Here are some steps:
We create a RecognizableItemsExtractor
object. We pass as a parameter an RecognitionPattern
object
Any RecognitionPattern
object should:
- implement the
unapply
extraction method (Scala based extractor) - mix in the
RecognitionPattern
trait
To support email recognition, we could do the followings:
case class Email(user: String, domain: String) extends Recognizable {
override def toString() = {
user + "@" + domain
}
}
object EmailRecognitionPattern extends RecognitionPattern {
// The extraction method
def unapply(str: String): Option[(String, String)] = {
val parts = str split "@"
if (parts.length == 2) Some(parts(0), parts(1)) else None
}
// email regex
val regexPattern = """(?i)\b[A-Z0-9._%+-]+@[A-Z0-9.-]+\.[A-Z]{2,4}\b""".r
def recognize(value: String): Option[Recognizable] = {
value match {
case EmailRecognitionPattern(user, domain) =>
Some(Email(user, domain))
case _ =>
None
}
}
}
Then, to extract all the emails from our text we could do the followings:
val textToAnalyze: String = "<<some content>>"

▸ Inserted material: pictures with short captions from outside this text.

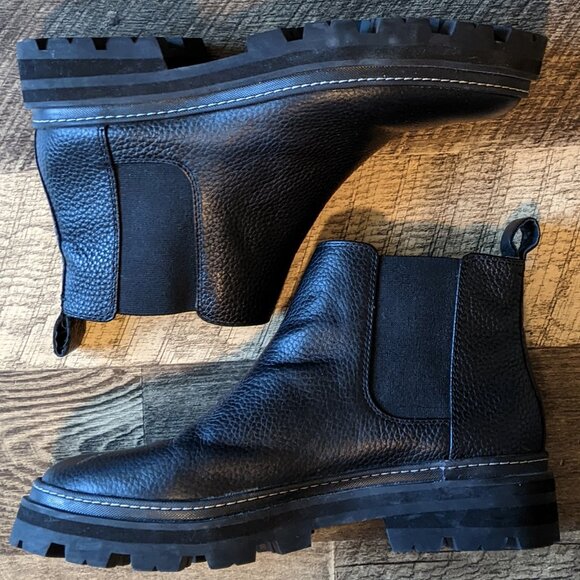 Madewell Mariam Chelsea Boots Pebbled Leather Black Chunky Platform - Picture 3 of 8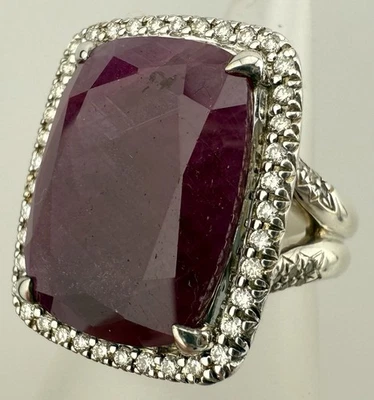 ANILLO JOHN HARDY PLATA 925 RUBÍ Y DIAMANTE CADENA CLÁSICA TALLA 7 K166C Foto 1 de 4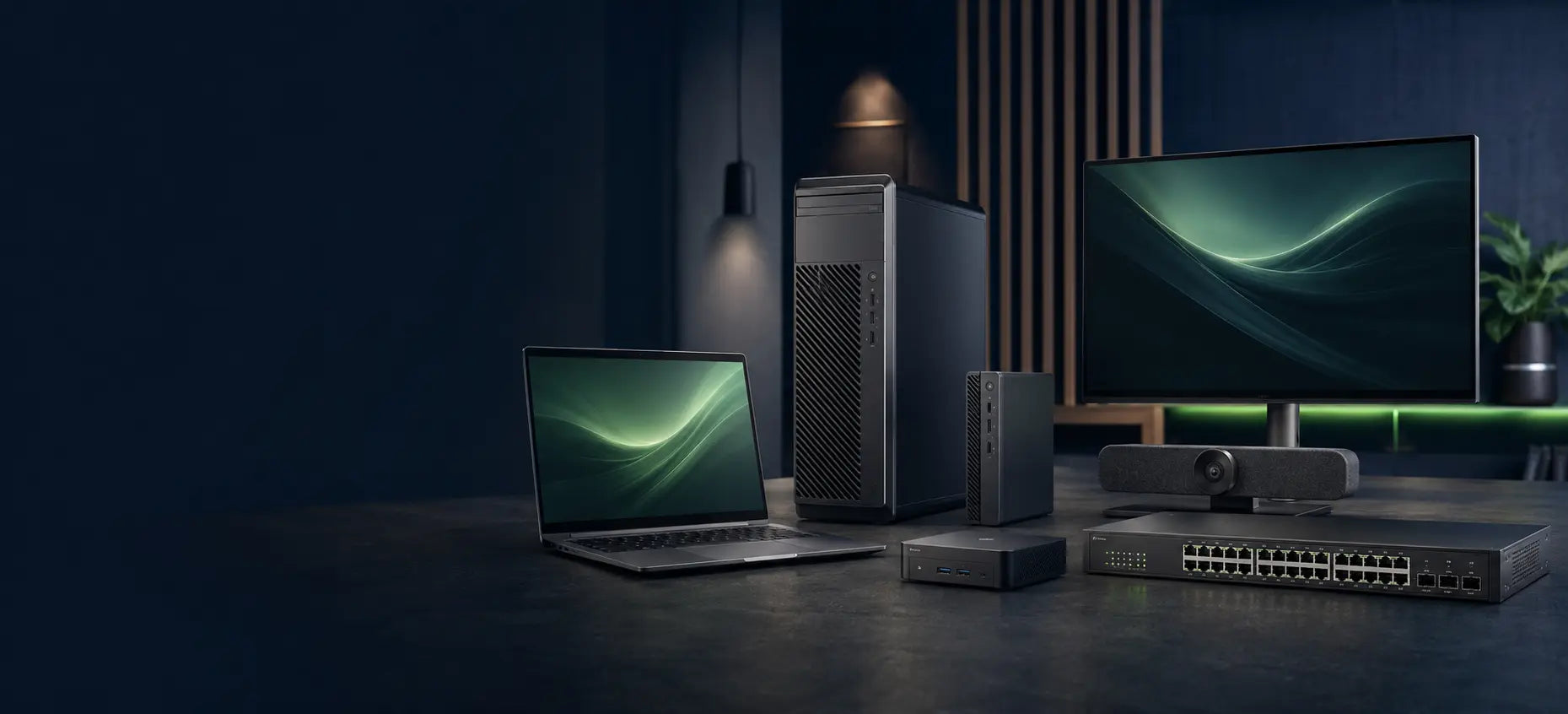 Business laptops, desktop workstations, AV and networking technology
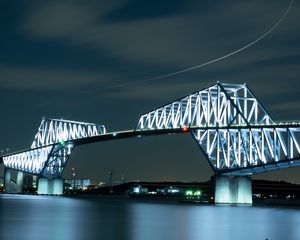 Preview wallpaper bridge, construction, architecture, night, backlight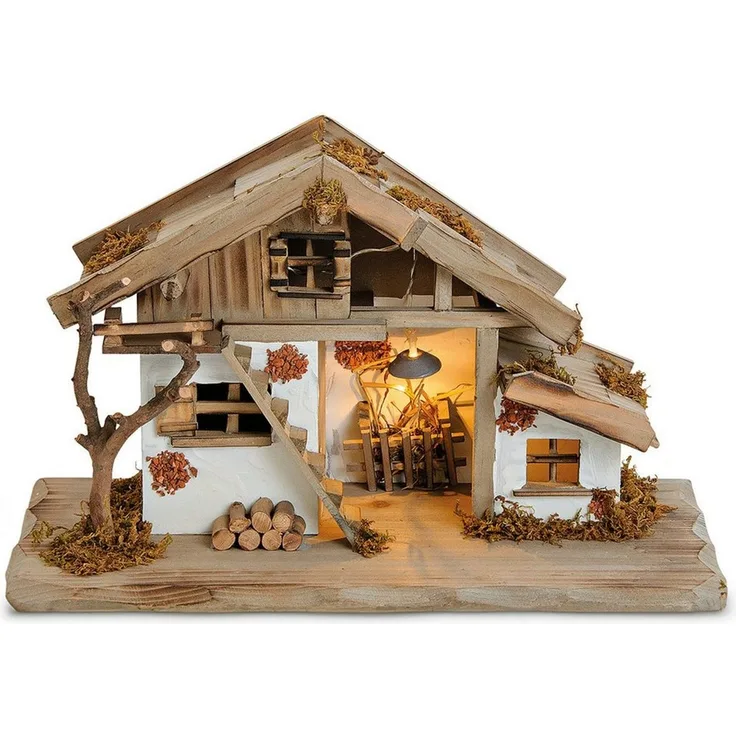 matches21 HOME & HOBBY Krippe Große Echtholz Weihnachtskrippe mit Beleuchtung in 39 x 23 x 19 cm (1-tlg), Moderne Holz-Krippe mit LED Krippen-Beleuchtung ohne Krippenfiguren
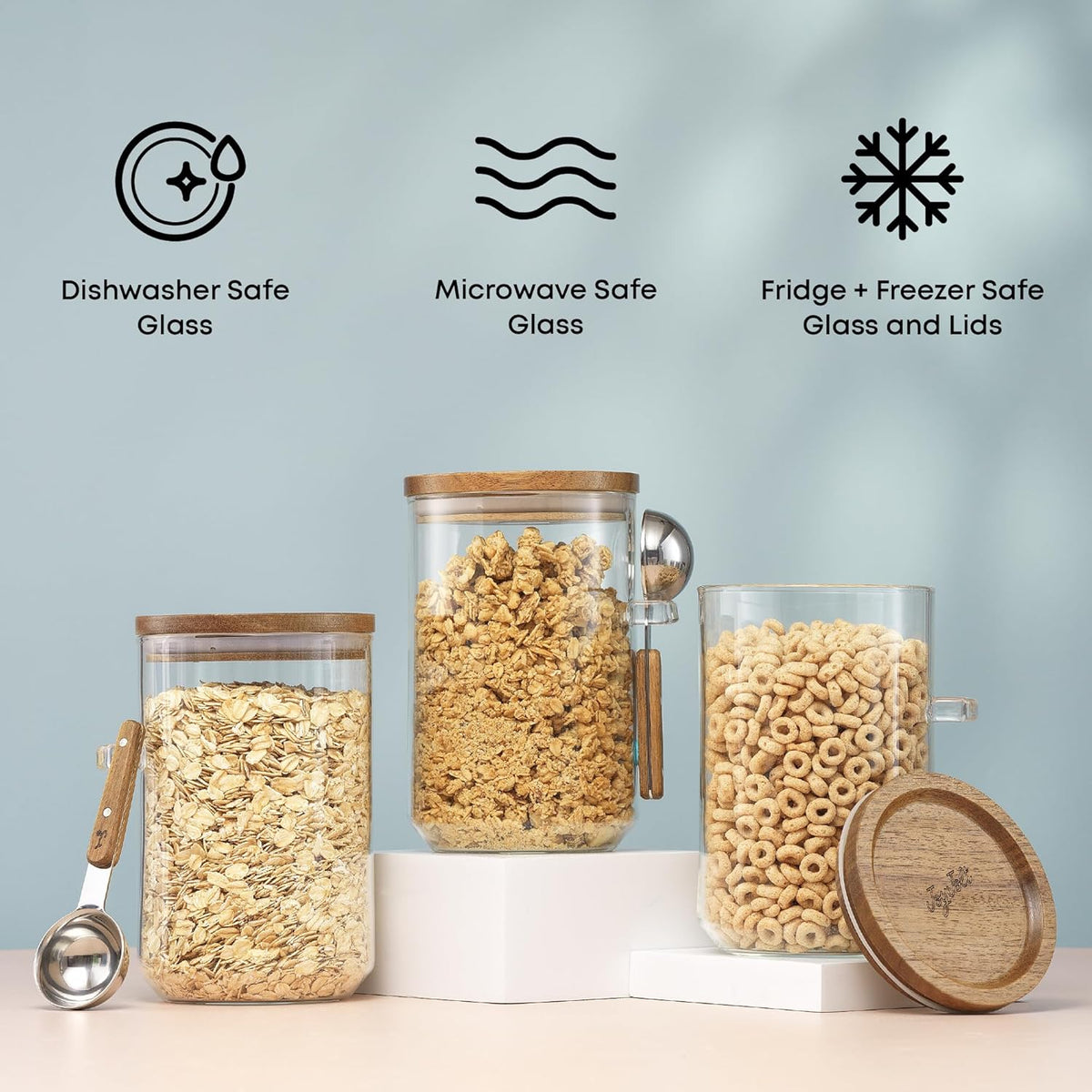 JoyJolt Holden 32oz Stackable Glass Storage Containers with Lids and Scoops, Airtight Food Canister Set of 3 w/Acacia Wood Lids, Round Stacking Pantry and Kitchen Containers w/Scoop | Clear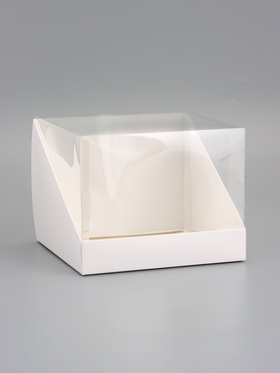 Коробка под бенто-торт, белая, с прозрачной крышкой, 18×18×14 см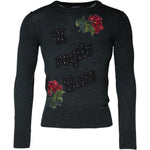 Dolce & Gabbana Gray Embellished Crew Neck Pullover Sweater TSH86975-44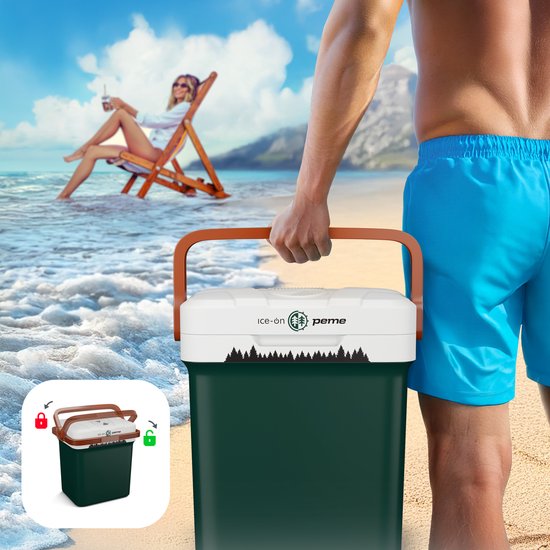 PEME Essential Elektrische Koelbox, 22,9 liter, 12V, 220/230 Volt AC/DC, Aansluiting voor Auto en Camping, thermo-elektrisch Frigobox - groen van PEME — afbeelding 3
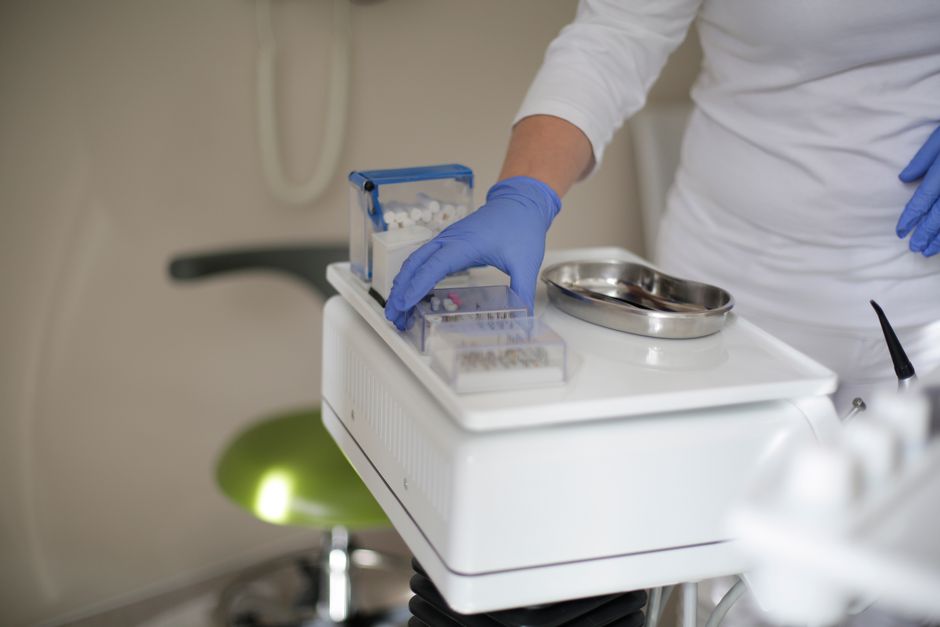 Dentist at work in a modern dental office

val recog = RecognizableItemsExtractor(List(EmailRecognitionPattern))
val emailList: List[Recognizable] = recog.analyzeText(textToAnalyze)
If we want to extract emails and links we can also add more recognition patterns to the above RecognizableItemsExtractor.
RecognizableItemsExtractor(List(EmailRecognitionPattern, LinkRecognitionPattern))
val emailAndLinkList: List[Recognizable] = recog.analyzeText(textToAnalyze)
The above emailAndLinkList list contains both emails and links.
To filter out emails we could use the following filterByType
function.
val onlyEmailList = recog.filterByType[Email](emailAndLinkList)
Here is the definition of the RecognizableItemsExtractor
's filterByType
function:
def filterByType[T <: Recognizable](t: List[Recognizable])(implicit mf: Manifest[T]) =
t.filter(e => mf.erasure.isInstance(e))
It is based on Scala class manifest feature, that is helping the runtime with the type information provided as hint by the Scala compiler. Type erasure is still present in Scala like in Java. The creators of Scala gave us this helpful manifest class support to overcome the JVM's type erasure limitations.